COVID-19 Safety on the Road
Although traveling by car is one of the safest ways to take a vacation this year, there are still several precautions you should take to make it as safe as possible:
- Bring your own food. Packing your own food is considered the safest option, but if you want to eat at a restaurant, consider using the drive-thru or takeout options.
- Bring snacks and water. In case restaurants and rest stops are closed, you’ll want to have your own beverages and snacks for the road.

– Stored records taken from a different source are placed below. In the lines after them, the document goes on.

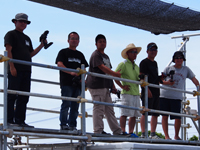 �I�[�v��A-2-2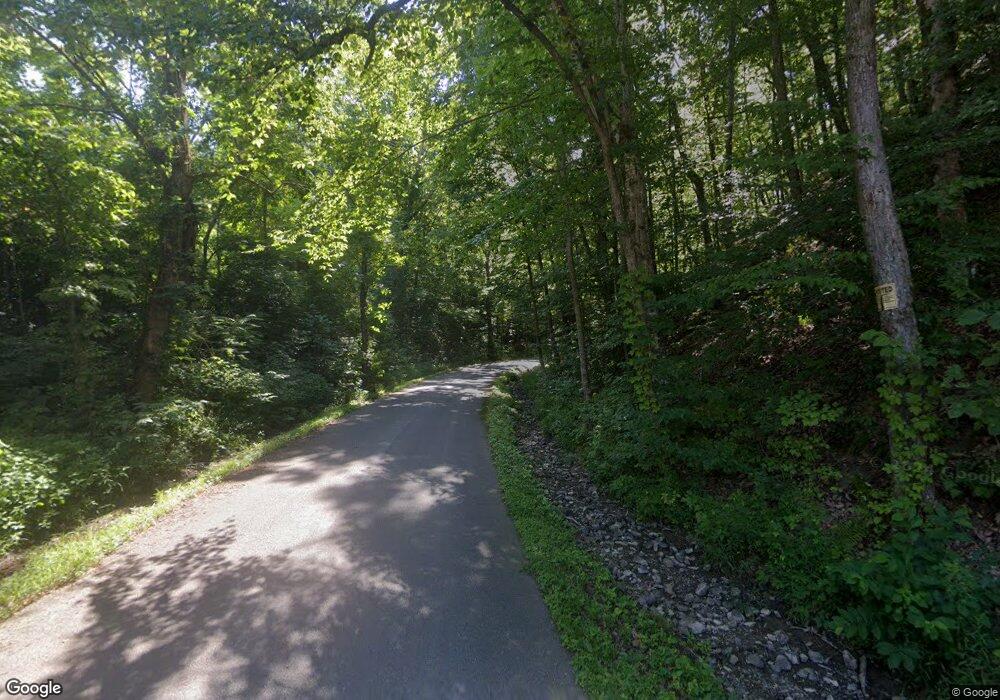 0 Weaver Hollow Rd, Johnson City, TN 37601 - photo 1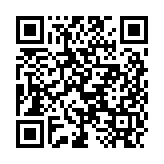 ������S�a���S�r(sh��)�S�ؿ���·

- Remember the hand sanitizer. Pack extra hand sanitizer and wipes in case you have difficulty locating it on the road. Use hand sanitizer after using a public restroom, and wipe surfaces like handles and buttons at gas stations before touching them.
- Wear your mask in public, especially if you’re not able to distance yourself from others. Some areas are stricter than others about mask adherence, so make sure that you know and follow the rules.
Safety Behind the Wheel
The COVID-19 precautions don't override the other important checks for road trips. Make sure your car is as ready for the adventure as you are. In fact, it may be worthwhile to have a vehicle safety inspection performed before you leave for a little peace of mind. Having a quick tune-up if one is due is also never a bad idea. Whatever the case may be, there are several things you’ll want to have checked before you pack up the car. Here’s a handy checklist:
- Tires: Your entire trip is literally riding on your tires. First, make sure there’s an appropriate amount of tread, then check for leaks and uneven wear. Make sure you know the correct tire pressure for your vehicle and check it after a long day of driving.
- Air conditioning: There’s never a “good” time for your A/C to go out, but a particularly bad time for that to happen is while you’re on a summer road trip. Have your mechanic check it to avoid a hot, uncomfortable car ride.
- Coolant: In addition to making sure you have enough engine coolant, inspect your vehicle for leaks that could cause problems on the road.
- Battery: Hot temperatures are hard on car batteries, so a quick check of the battery and charging system is a wise investment. If your battery is more than five years old, consider replacing it before you set out on your adventure.
- Oil: Staying current on oil changes means your engine will run more efficiently, something you always want.
- Wiper blades: Did you know that wiper blades need to be replaced every six to 12 months? If it’s been longer than that, invest in a new set of blades before you set out on a long trip.
- Brakes: Even if your brakes appear to be working fine, consider an inspection to make sure your pads and rotors are in good condition. If you haven’t had a brake fluid flush in a while, this could be a good time to have that done.
- Belts and hoses: Extreme temperatures — such as Ohio’s cold winters and hot summers — are hard on belts and hoses. Look for any fraying, stretching or cracking that might spell trouble down the road.
- Suspension: When your front and rear suspension goes, so does your ability to steer. Have it checked before hitting the road.
- Transmission: Flushing and changing out the transmission fluid regularly can help avoid problems like gear grinding, shifting difficulties, and general wear and tear on the inner-workings of your transmission.
Have Some End-of-Summer Fun
If you've heeded this advice, you can breathe easy, knowing that you’ve taken the precautions needed to keep your family safe, both inside and outside of the vehicle. Drive safely — and have a memorable time.